MATERIAL PROVIDED ::
*** Block opens ***
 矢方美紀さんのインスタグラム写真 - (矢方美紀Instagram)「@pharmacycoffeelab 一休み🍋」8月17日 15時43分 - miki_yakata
*** Block closes ***
*** Block opens ***
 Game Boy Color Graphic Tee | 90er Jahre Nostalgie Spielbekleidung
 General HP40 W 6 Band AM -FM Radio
*** Block closes ***
WHAT TO WORK ON :: Your task for the entries above: copy exactly the span starting with the line with "Game Boy Color" and going on through the line with "General HP40 W 6 Band AM -FM Radio", both lines included, and nothing else.

WRITTEN RESPONSE ::
 Game Boy Color Graphic Tee | 90er Jahre Nostalgie Spielbekleidung
 General HP40 W 6 Band AM -FM Radio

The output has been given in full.